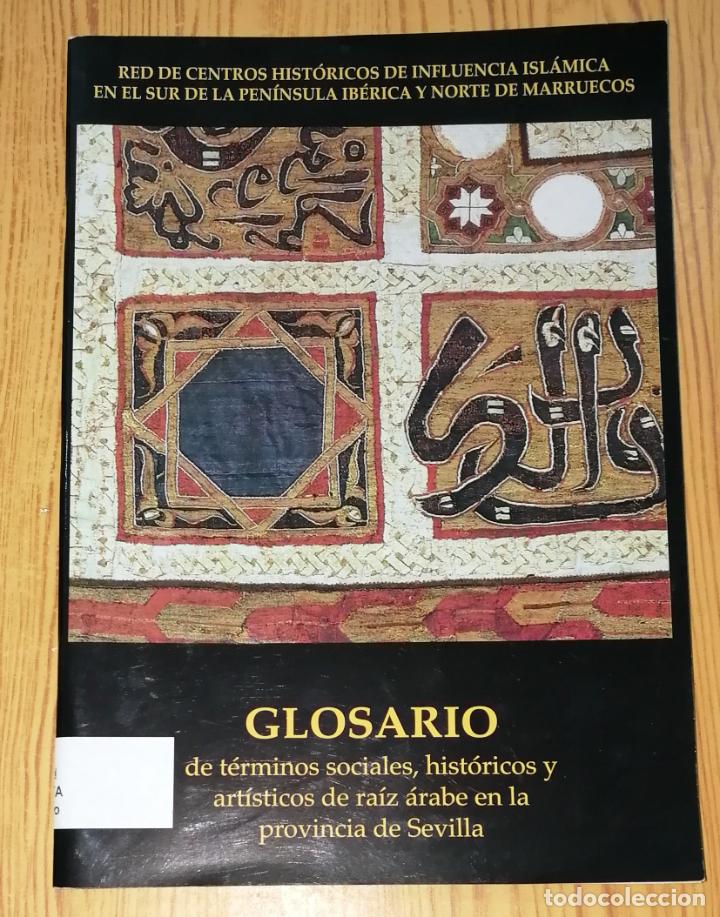 Libri di seconda mano: GLOSARIO DE T&Eacute;RMINOS SOCIALES, HIST&Oacute;RICOS Y ART&Iacute;STICOS DE RA&Iacute;Z &Aacute;RABE EN LA PROVINCIA DE SEVILLA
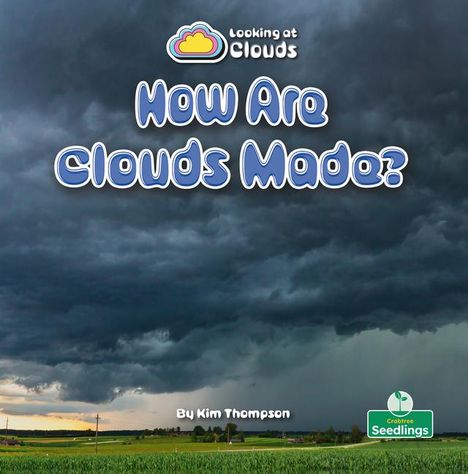Kim Thompson: How Are Clouds Made?, Buch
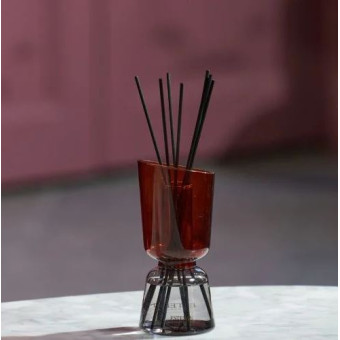 Bouquet Parfumé TECK & TONKA 250ml - ESTEBAN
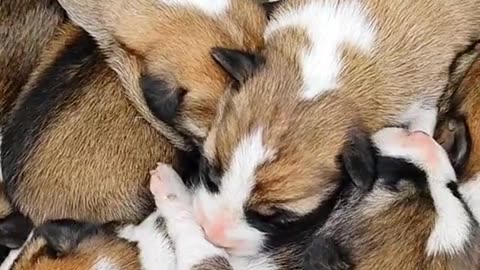 Cute newborn puppies. Puppy love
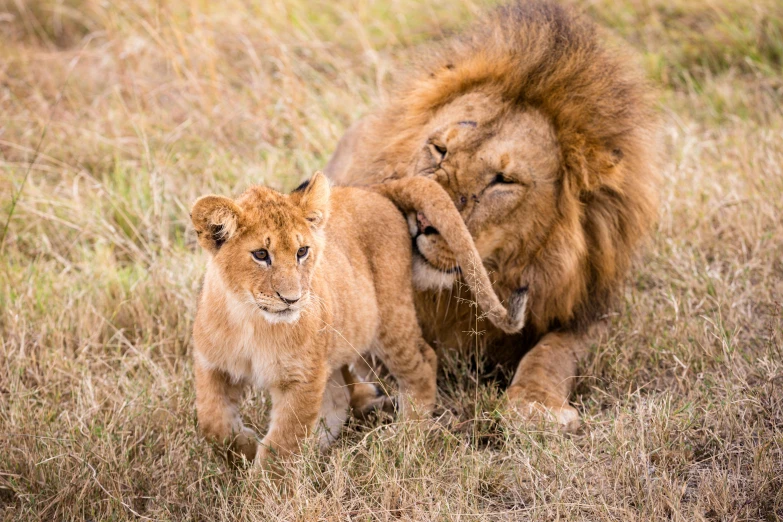 a couple of lions standing on top of a grass covered field, with a kid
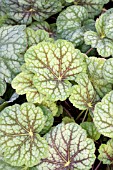 HEUCHERA GREEN SPICE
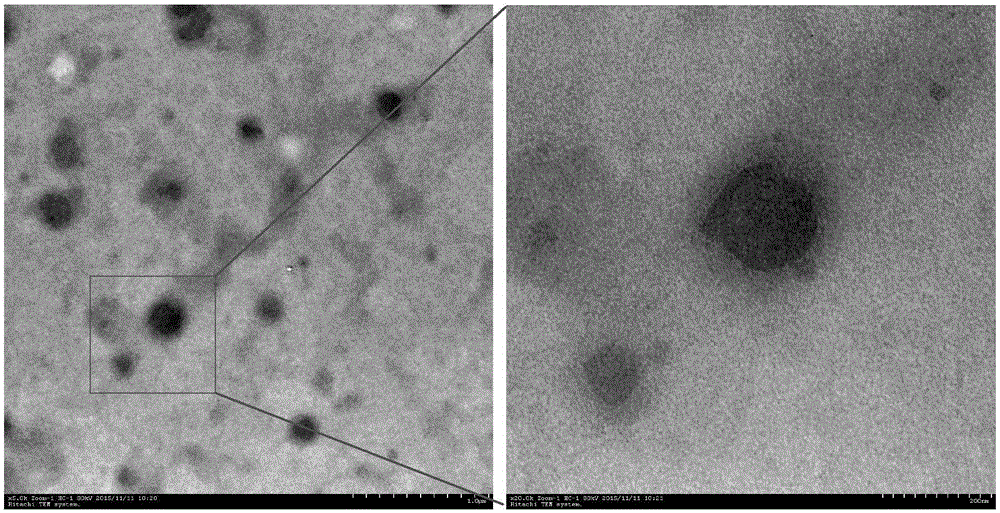 Montmorillonite inlaid liposome preparation and preparation method thereof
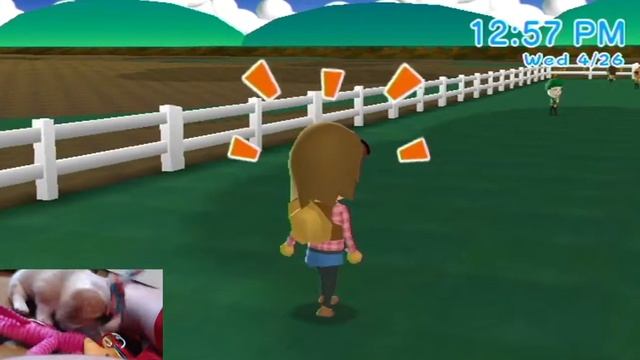 My Pokemon Ranch: Day 25 with PUPPY CAM смотреть онлайн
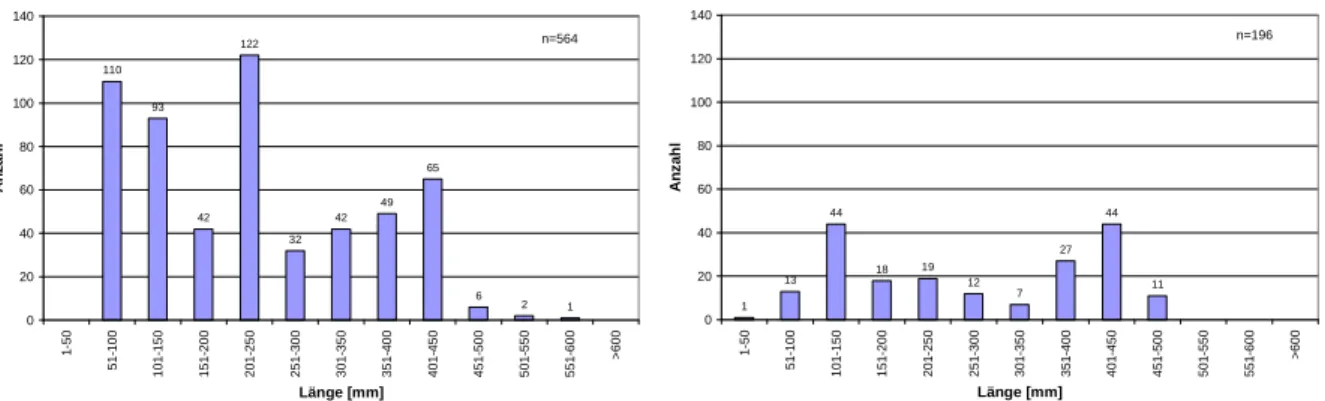 Abb. 4.7: Längenfrequenzdiagramme der Äsche des regulierten Bereiches der Jahre 2006 (links) und  2010 (rechts) 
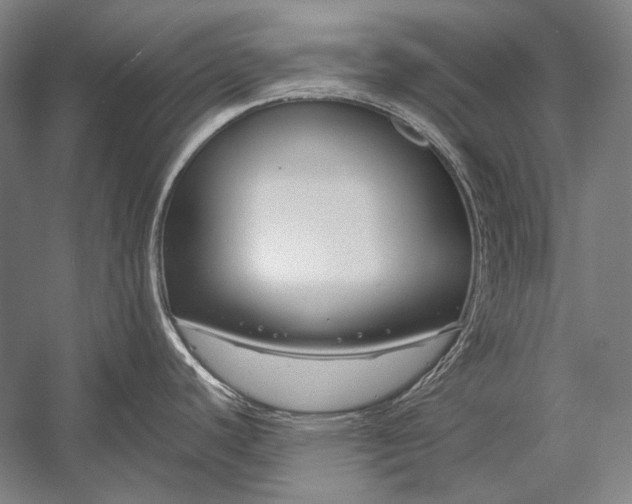 X0000053001440200507221235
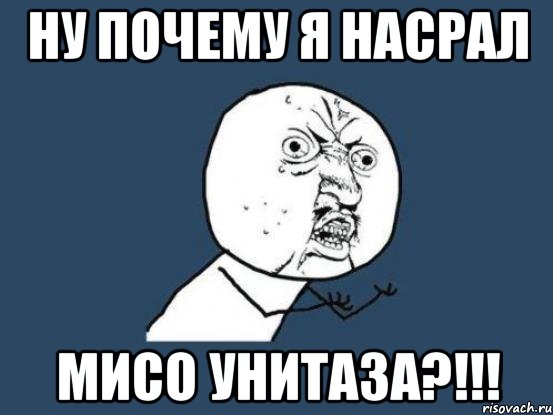 ну почему я насрал мисо унитаза?!!!, Мем Ну почему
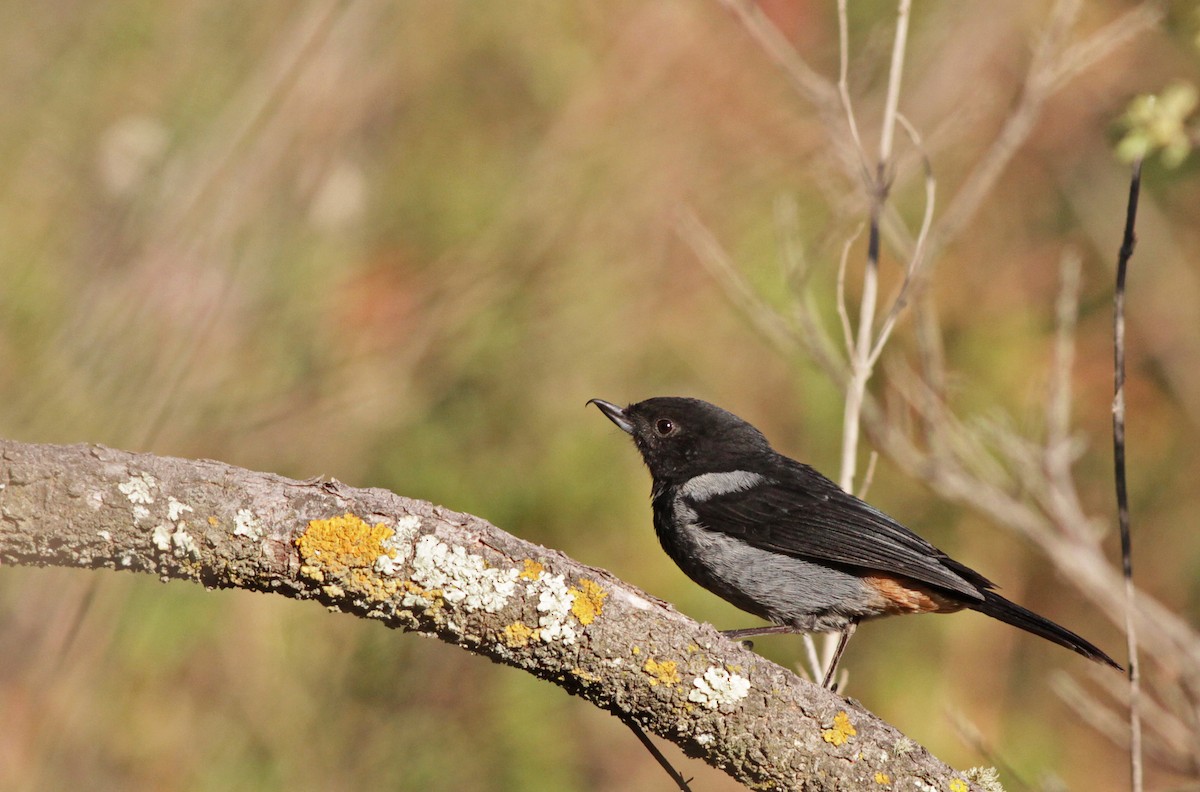 Gray-bellied Flowerpiercer - Ian Davies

____

Work to be completed | Only the lines from the one with "HEUCHERA GREEN SPICE" through the end of the data, both ends included, should be written out exactly, and no pictures should appear.

Written answer |
 HEUCHERA GREEN SPICE
 Montmorillonite inlaid liposome preparation and preparation method thereof
 My Pokemon Ranch: Day 25 with PUPPY CAM смотреть онлайн
 Abb. 4.7: Längenfrequenzdiagramme der Äsche des regulierten Bereiches der Jahre 2006 (links) und  2010 (rechts) 
 X0000053001440200507221235
 ну почему я насрал мисо унитаза?!!!, Мем Ну почему
 Gray-bellied Flowerpiercer - Ian Davies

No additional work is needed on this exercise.